Lost in Translation: Complexities and Good Practices of Translating Coding-based Teaching Materials Across Multiple Languages

Authors

Affiliations

Olexandr Konovalov

School of Computer Science, University of St Andrews

Lucia Michielin

Edinburgh Futures Institute, University of Edinburgh

Yanina Bellini Saibene

rOpenSci, Universidad Austral, R-Ladies, The Carpentries

Keywords

Translation platforms, Internationalisation/Localisation, Coding-based teaching materials, Multilingual education

Introduction

Translating coding-based teaching material may look like a straightforward practice, especially if you are translating from English to your native language. However, this process is often undertaken in contexts where learners are already navigating coding concepts through a second language, which adds an additional layer of difficulty. If you are directly involved in teaching such students, or participate in international educational projects like The Carpentries or Programming Historian, you may have considered translating teaching materials to make them more accessible.

Based on our experience in translations and localisation projects, we decided to write this short contribution to help others navigate similar situations and avoid common pitfalls.

This contribution is a collection of personal reflections and good enough practices we learned through the years, with the caveat that any translating project will have its own peculiarities and needs. While many of our reflections stem from medium to larger, collaborative efforts, some of these practices may also be adapted to smaller-scale projects, although this is not the primary focus of this chapter.

General considerations

Before moving into the practical side of this contribution (organised around the different project stages: designing, deploying, and maintaining), we wanted to outline a few general considerations.

As mentioned earlier, it is often the case that translation occurs from English into another language that is the translator’s native language (at least this was our shared experience), reflecting the dominant role of English in coding and academia. While this chapter focuses primarily on that direction, other forms of translation may be required in different contexts.

Translating from another language into English follows essentially the same processes and can rely on the same tooling as translation from English into other languages. It also requires establishing shared agreements within the community, just as in any other translation effort.
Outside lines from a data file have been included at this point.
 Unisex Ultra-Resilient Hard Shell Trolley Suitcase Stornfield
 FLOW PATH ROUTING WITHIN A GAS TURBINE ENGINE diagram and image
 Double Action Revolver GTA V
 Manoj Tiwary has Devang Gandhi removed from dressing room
For example, the rOpenSci translation guidelines include language-specific chapters that document community decisions on how to approach translation into each language, highlighting that these agreements are integral to the workflow regardless of the direction of translation.
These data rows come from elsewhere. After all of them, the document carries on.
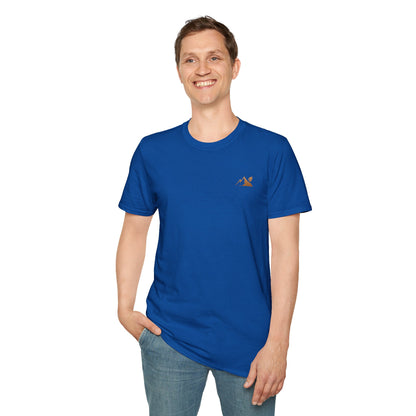 Unisex T-Shirt - The Mountains are Calling and I Must Go (2-sided graphic)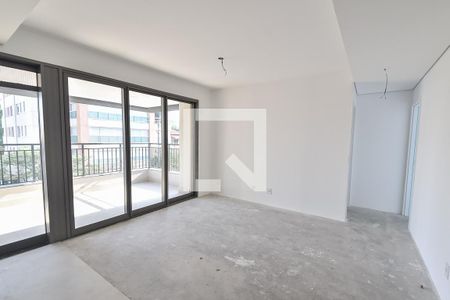 Sala/cozinha de apartamento à venda com 2 quartos, 78m² em Jardim Vila Mariana, São Paulo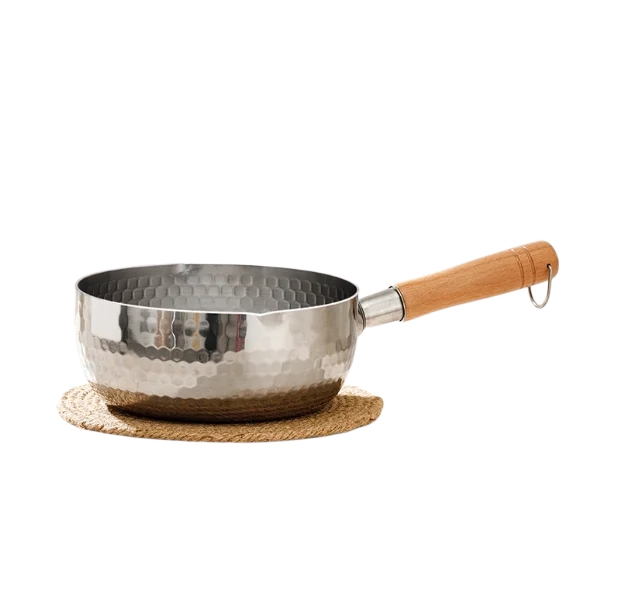 หม้อเล็กไม่มีสารเคลือบ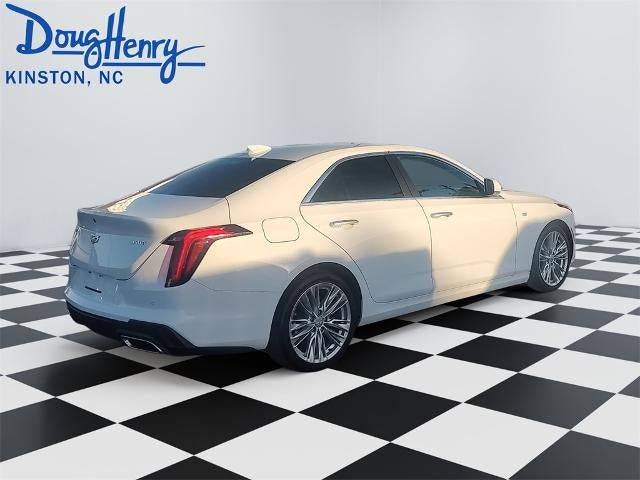 2020 Cadillac CT4 4dr Sdn Premium Luxury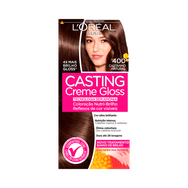 Coloração Casting Gloss 400 Castanho Natural
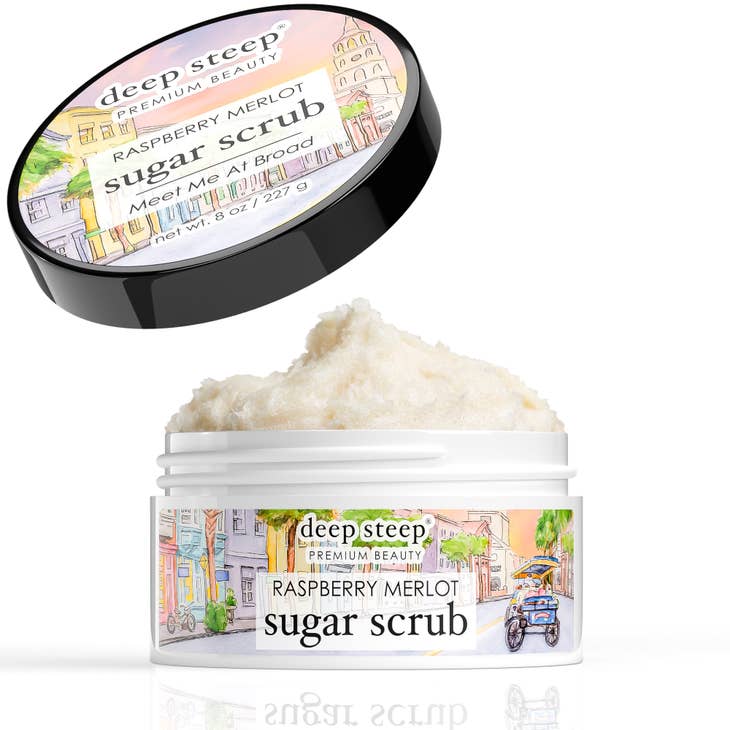 Local Hand Wash, Sugar Scrub and Bubble Bath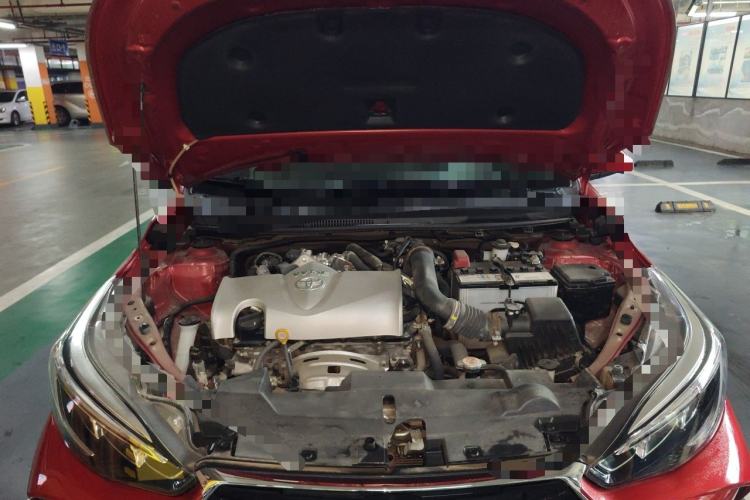 Used Toyota YARiS L Zhi Xuan 2020 X-Trail X 1.5L CVT Luxury Edition Engine Bay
Moving from a language into one’s native language may create a misleading sense of reassurance: if one was able to design and teach material in a language that is not their primary one, it might seem reasonable to assume that doing so in their mother tongue would be considerably easier. This is not always the case.
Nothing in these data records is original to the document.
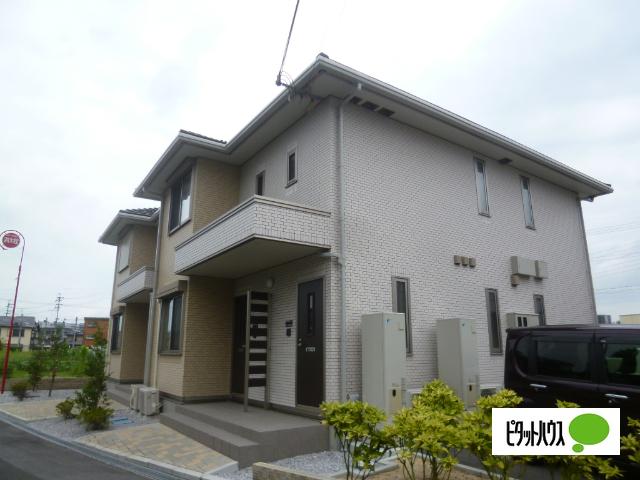 野洲市市三宅アパート 外観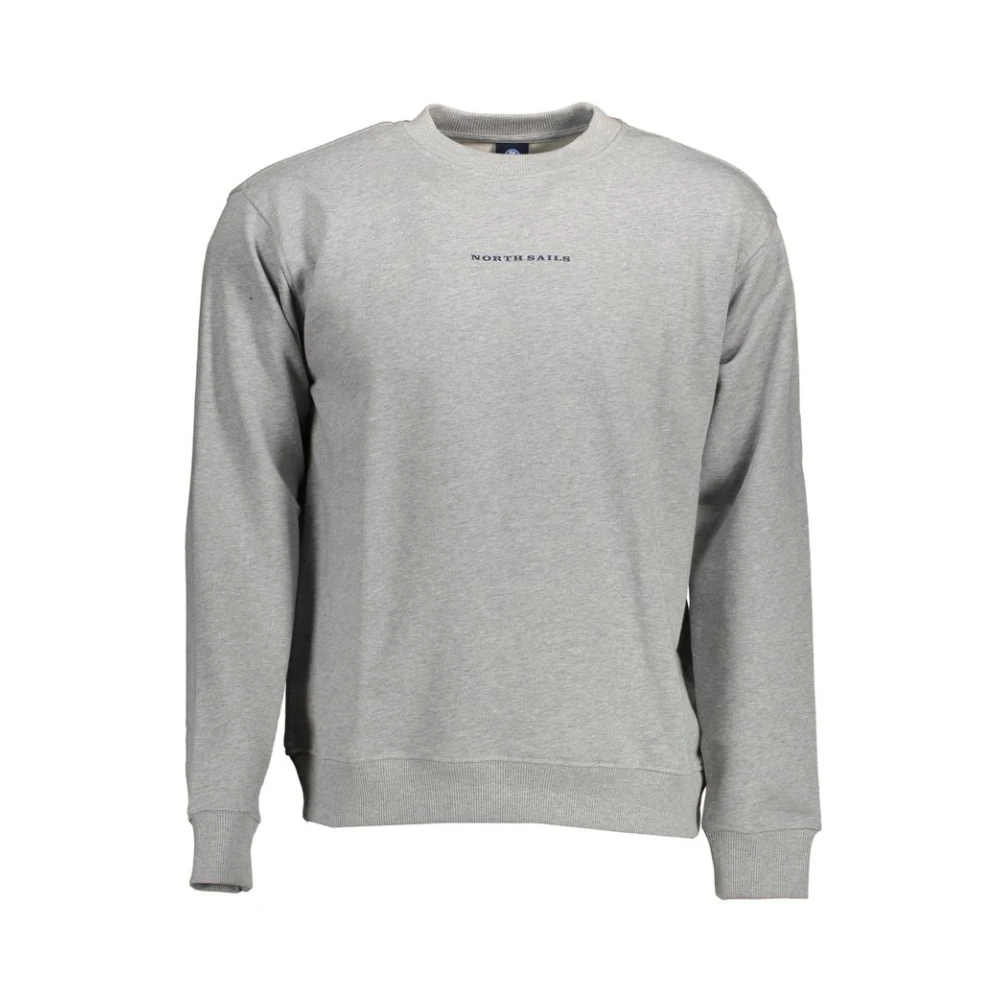 North Sails Men's Gray Cotton Sweater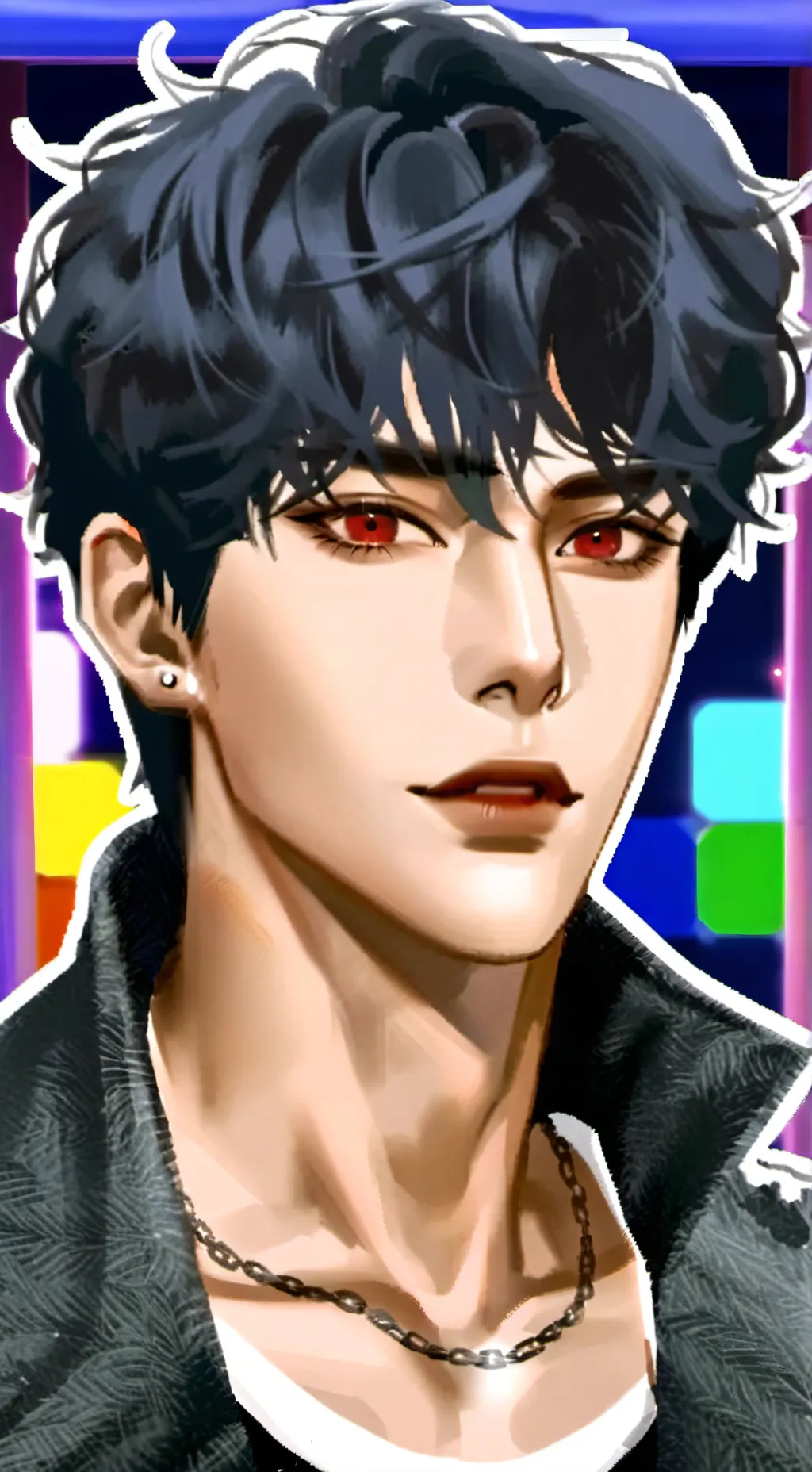 ai character: Bynx background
First of all, if you have studied a subject in a certain language (e.g. English), it is harder to then convey the core topic in a different one. Few situations are more frustrating than knowing how to refer to a concept in a second language but being unable to recall the equivalent term in one’s native language, and this experience is likely to recur frequently throughout the process.

Because English has been the vernacular language for programming languages, their official documentation and most of the coding-based teaching material available on the internet, the word you are searching for may not actually have a clear translation into the other language. This brings us to another fundamental issue: how much should you actually translate? Where do you stop? The aim is to create material that is understandable for your audience, while also providing them with enough background to refine and progress their knowledge beyond your course.

If you fully translate everything and introduce many neologisms, you risk preventing learners from efficiently searching for further information online. On the other hand, if you do not translate and explain key concepts and jargon sufficiently, students may struggle to fully comprehend the content. It is a fine line to navigate, made even more complex when dealing with non-Latin alphabet languages, where transliteration also becomes a concern.

No single solution fits all, and much will depend on the language in question. In collaborative projects, community discussion is often central to these decisions, making the process more collective and sustainable over time. As a rule of thumb, it is helpful to translate terms that can become established jargon in the target language, while leaving others in English. This can be supported through “double-barrelling” keywords, where both the original English term and a more accessible translation are retained.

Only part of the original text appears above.